Bubba Watson is prone to panic attacks, some so serious that he’s checked himself into hospitals for tests, the reigning Masters champ said Wednesday, ahead of this week’s Tournament of Champions.
With Charlie Beljan at Kapalua for his first start since panic attacks nearly forced him out of last fall’s Children’s Miracle Network Classic, and Watson an emotional person who has been outspoken about the pressures of professional golf, talk at Bubba's press conference turned to matters of the mind.
“I’ve had a lot of panic attacks off the golf course,” Watson said. “I actually went to the hospital three times thinking I was having something wrong with my heart and my wife is like, ‘What is wrong with you?’ So I've had some issues.”
Dealing with severe bouts of anxiety are nothing new for Watson, who said his last such experience happened two years ago in Los Angeles (he withdrew from the 2011 Northern Trust Open after a first-round 76).
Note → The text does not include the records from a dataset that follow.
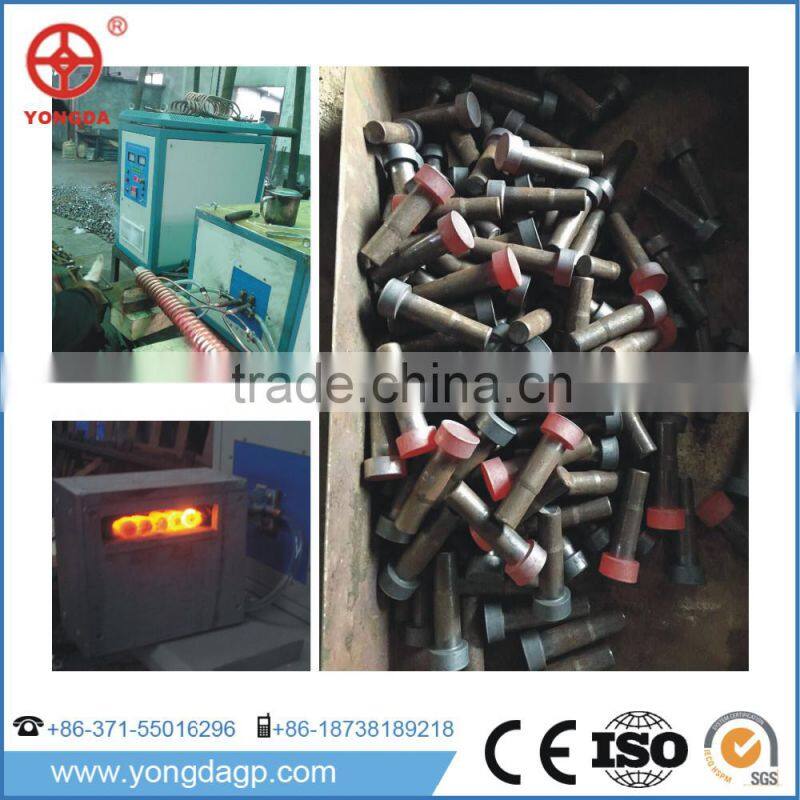 Induction heating knife forging equipment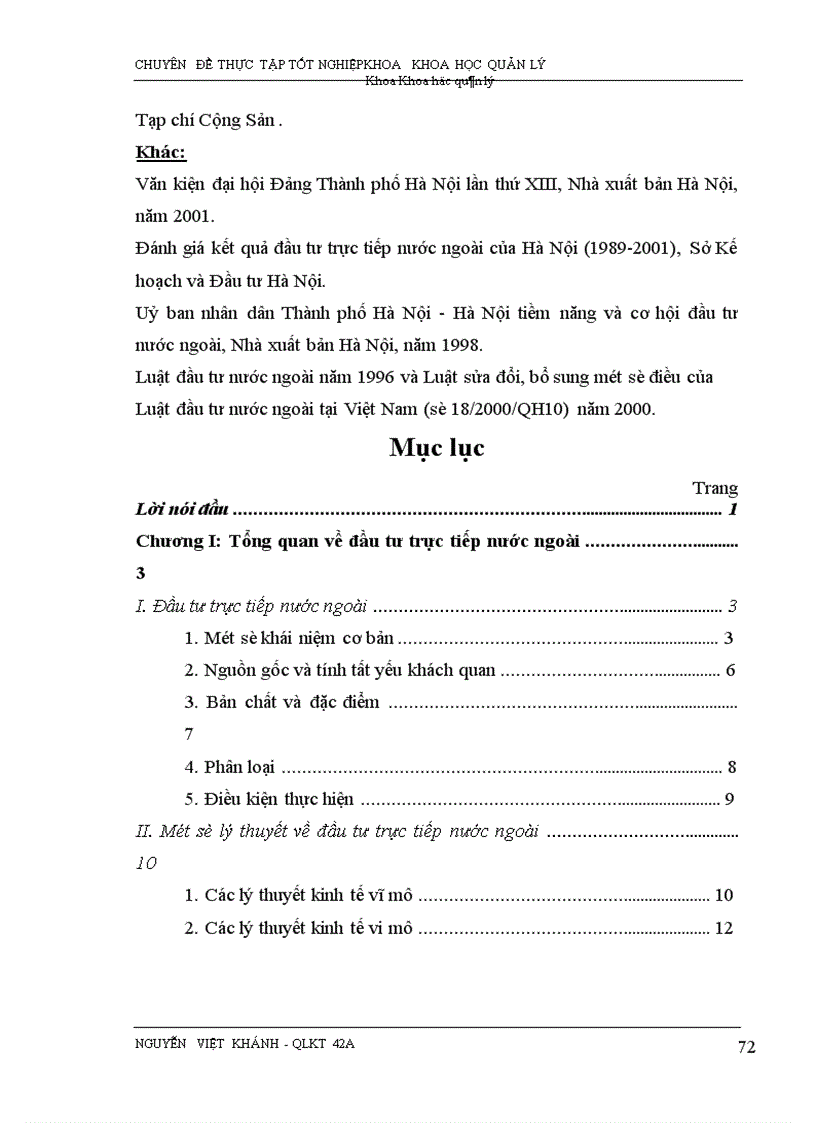 image for page Một số giải pháp nhằm đẩy mạnh việc thu hút vốn đầu tư trực tiếp nước ngoài vào Hà Nội trong thời gian tới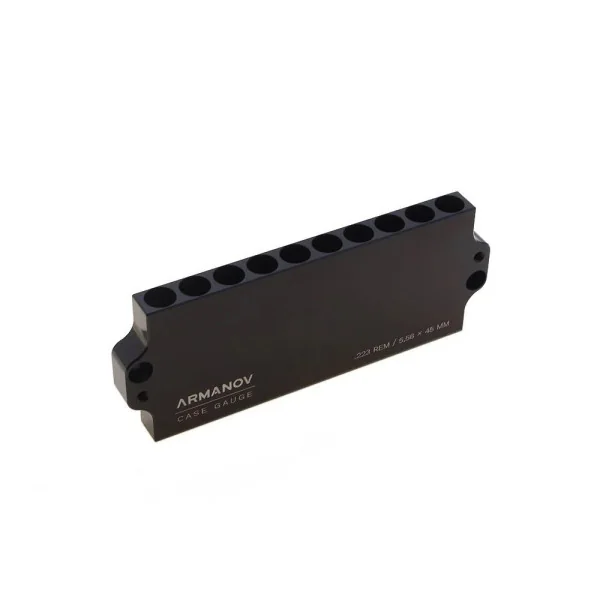 Armanov CG10RND Jauge 10 cartouches empilable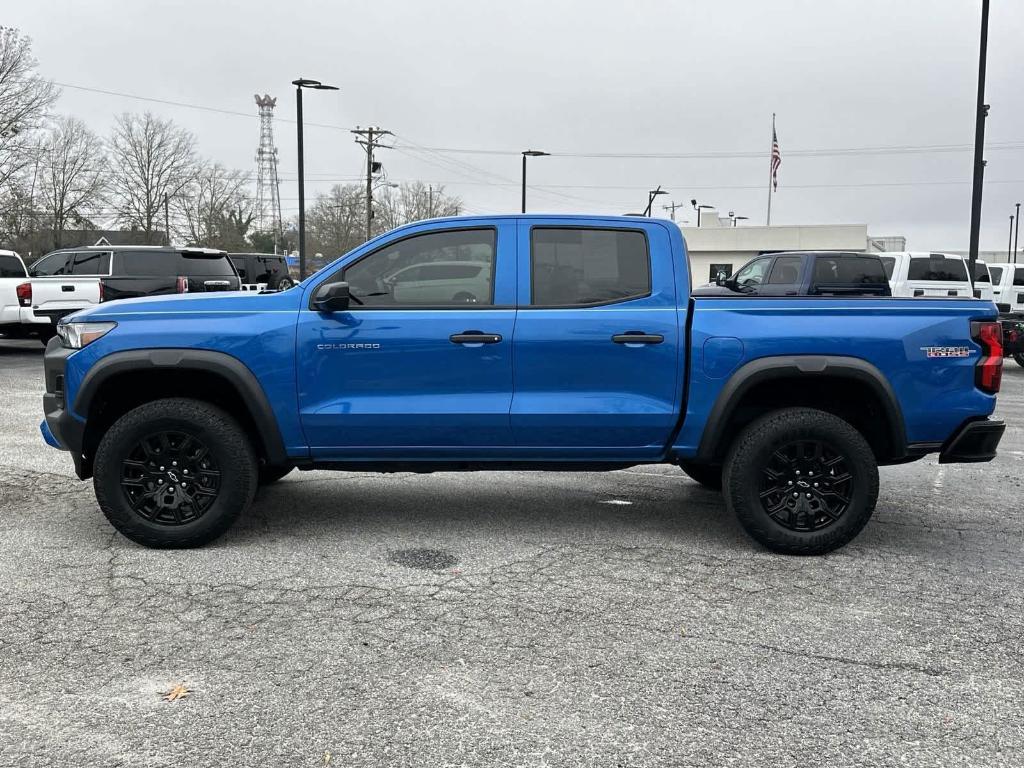 used 2023 Chevrolet Colorado car, priced at $37,888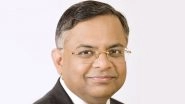 N Chandrasekaran, Chairman of Tata Sons' Salary Up By More Than 80% in FY18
That episode led to what he said has become an every-other-year visit to the ER and a battery of tests indicating he was fine.
Later that season, Watson sounded like a guy who needed a break from his day job rather than one who shared the 36-hole lead. At the time, Watson was dealing with the “instant fame” of becoming a three-time tour winner, as well as the aftermath of criticism he took for ill-considered remarks he made while traveling in France.
“It’s just hard, it’s hard,” Watson told Golf Channel after the second round of the Deutsche Bank Championship. “You take a lot of energy, your mental game goes, and I feel tired at the end of the day, I feel like I’m sick, I feel like something’s wrong with me and it’s just all the energy it takes to play on the top level every week.”
This week, Watson acknowledged the toll his work took on him but reported that doctors could find nothing wrong.
“I've done everything. I've done EKGs, we've done tests, all kind of things,” he said. “[A doctor] told me basically I need medicine...that calms me down...which I'm not going to. I don't take medicine, so I would never do that.”
Given the findings, Watson diagnosed himself: “I’m nuts pretty much.
“I’ve got issues,” he said with a laugh. “I don't have a therapist. If I did, the therapist would probably quit.”